Bottom line – CNN should tread carefully here. Do the right thing by offering time to Trump like they will other top candidates. But have him on a short leash and be willing to yank it hard if he goes over the line. He’ll complain that they’re so mean to him. Let him. Just don’t fall into the same trip that he set for the media in 2016.
What do you think?
The death of an Iowa TV newsroom
Sinclair Broadcasting group, which owns hundreds of television stations around the country, flew into Sioux City last week and informed staff that it’s ending local news on its stations there later this month. Sinclair owns the Fox affiliate, and operates the CBS affiliate, KMEG-TV, under contract. Both stations will cease doing local news, with all newsroom employees let go. Sinclair will instead air its national news program “The National Desk” in those time slots. The Sioux City Journal reports staff members weren’t given a specific reason, only that it was for business reasons.
One former KMEG employee, Aaron Siders, posted on Facebook, “This move takes a local voice away from Siouxland. It is a scary look into the future of corporate news.” Siders gave me permission to quote from his post. “Sinclair Broadcasting has a bullcrap segment they send down to force their newsrooms to show to the public called “Sinclair Cares.” It is to make them look good, so the viewer thinks that the company is there for them. They do not care. They never have and they never will. Their terrible purchasing decisions and messed up managing styles killed the voice that many people in Siouxland trusted to get their news.”
One of those messed up decisions could be Sinclair’s Diamond Sports group, which provides live coverage of pro sports, largely Major League Baseball, through what are called Regional Sports Networks (RSN’s). For example, the Sinclair RSN carries my beloved St. Louis Cardinals games on cable and satellite. They also carry the Royals and the Twins. Diamond Sports filed for bankruptcy in March, as it missed payments on a massive debt of more than $8 billion. It also missed payments to the Twins and Cleveland Guardians for broadcast rights, which is a big problem for the teams’ finances.

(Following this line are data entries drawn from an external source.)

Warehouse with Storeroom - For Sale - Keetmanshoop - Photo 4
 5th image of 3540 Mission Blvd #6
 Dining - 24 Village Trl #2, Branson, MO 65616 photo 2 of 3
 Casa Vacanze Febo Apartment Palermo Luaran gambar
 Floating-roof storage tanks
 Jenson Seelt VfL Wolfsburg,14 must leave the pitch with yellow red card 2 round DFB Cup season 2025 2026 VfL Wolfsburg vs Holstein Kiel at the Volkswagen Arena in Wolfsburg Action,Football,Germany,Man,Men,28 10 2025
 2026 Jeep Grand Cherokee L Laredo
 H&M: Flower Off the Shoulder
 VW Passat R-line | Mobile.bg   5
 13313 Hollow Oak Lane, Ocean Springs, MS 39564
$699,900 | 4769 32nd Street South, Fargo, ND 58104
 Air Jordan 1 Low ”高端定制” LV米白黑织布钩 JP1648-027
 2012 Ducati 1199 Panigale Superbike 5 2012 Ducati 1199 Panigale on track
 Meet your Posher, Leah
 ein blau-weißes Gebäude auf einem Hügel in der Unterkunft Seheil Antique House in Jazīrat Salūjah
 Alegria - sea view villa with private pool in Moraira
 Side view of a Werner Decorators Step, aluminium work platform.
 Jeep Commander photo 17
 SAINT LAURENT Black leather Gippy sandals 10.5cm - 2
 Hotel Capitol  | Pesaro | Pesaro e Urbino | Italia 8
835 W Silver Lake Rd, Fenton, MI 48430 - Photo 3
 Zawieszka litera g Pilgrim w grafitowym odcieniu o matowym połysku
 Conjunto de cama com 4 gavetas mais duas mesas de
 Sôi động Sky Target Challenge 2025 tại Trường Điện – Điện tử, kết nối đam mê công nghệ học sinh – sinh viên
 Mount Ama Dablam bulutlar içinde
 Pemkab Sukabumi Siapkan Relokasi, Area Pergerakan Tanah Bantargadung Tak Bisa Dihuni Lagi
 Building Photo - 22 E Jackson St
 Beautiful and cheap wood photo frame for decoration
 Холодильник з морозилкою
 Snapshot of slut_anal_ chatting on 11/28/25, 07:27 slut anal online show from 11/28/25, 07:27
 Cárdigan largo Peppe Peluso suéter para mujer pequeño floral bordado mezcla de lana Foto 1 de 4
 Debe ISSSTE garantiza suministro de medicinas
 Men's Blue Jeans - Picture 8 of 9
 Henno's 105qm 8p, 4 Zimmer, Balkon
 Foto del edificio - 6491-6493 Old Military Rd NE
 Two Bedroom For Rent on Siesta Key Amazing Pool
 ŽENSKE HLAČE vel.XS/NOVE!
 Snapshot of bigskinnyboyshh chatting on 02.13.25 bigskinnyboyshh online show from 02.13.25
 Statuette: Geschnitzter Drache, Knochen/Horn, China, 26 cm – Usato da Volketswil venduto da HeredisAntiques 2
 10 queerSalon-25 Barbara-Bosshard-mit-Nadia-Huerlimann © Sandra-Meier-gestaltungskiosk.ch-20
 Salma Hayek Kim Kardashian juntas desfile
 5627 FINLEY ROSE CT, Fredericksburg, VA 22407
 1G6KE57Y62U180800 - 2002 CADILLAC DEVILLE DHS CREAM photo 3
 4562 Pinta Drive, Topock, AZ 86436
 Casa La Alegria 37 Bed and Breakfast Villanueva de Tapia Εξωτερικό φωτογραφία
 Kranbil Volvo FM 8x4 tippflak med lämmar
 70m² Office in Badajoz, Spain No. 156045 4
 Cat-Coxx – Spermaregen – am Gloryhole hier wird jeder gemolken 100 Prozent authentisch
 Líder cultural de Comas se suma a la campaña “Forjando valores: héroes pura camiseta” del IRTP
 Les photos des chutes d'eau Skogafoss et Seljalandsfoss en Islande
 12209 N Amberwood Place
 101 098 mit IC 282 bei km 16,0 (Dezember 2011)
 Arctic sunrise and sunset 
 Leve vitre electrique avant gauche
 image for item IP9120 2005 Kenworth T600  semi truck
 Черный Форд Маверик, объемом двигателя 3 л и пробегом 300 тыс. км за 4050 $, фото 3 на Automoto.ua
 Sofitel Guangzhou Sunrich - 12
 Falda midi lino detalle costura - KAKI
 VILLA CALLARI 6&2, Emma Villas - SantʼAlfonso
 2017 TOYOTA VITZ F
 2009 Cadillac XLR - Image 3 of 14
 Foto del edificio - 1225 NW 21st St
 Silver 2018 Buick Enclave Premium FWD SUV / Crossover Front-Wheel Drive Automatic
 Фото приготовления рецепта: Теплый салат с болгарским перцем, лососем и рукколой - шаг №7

Sinclair has a history of taking on huge debt loads to aggressively buy up more television stations. Its website says it owns 185 stations in 86 markets. One of the ways they fund that debt is to cut back on expenses, reduce staff, and now to kill some local newsrooms outright. It’s not good for journalism. But mostly it hurts the communities that Sinclair is federally licensed to serve. The Federal Communications Commission should take a long, hard look at massive TV groups like Sinclair next time their FCC licenses come up for renewal, to see if they really are using the public airwaves to serve viewers.
Read more commentary and story-telling from the wonderful writers in the Iowa Writers’ Collaborative. This week, I’d highlight Bob Leonard’s Deep Midwest column, which breaks significant news on water quality monitoring in Iowa. Read it here.
Dave -- as the former employee of a Sinclair owned TV station, I could not agree more with these comments. One question: Doesn't the Sinclair move in Sioux City violate the terms of their license with the FCC? I believe that license states they need to cover the news in the community where they hold the license.
I cringe when I hear journalists on my favorite (your previous) TV station report on Trump like he is just a normal responsible political figure talking to citizens. You are right, he cannot be ignored. But he does not have to be featured as uplifting and honest. I think his baggage should always be mentioned and acknowledged.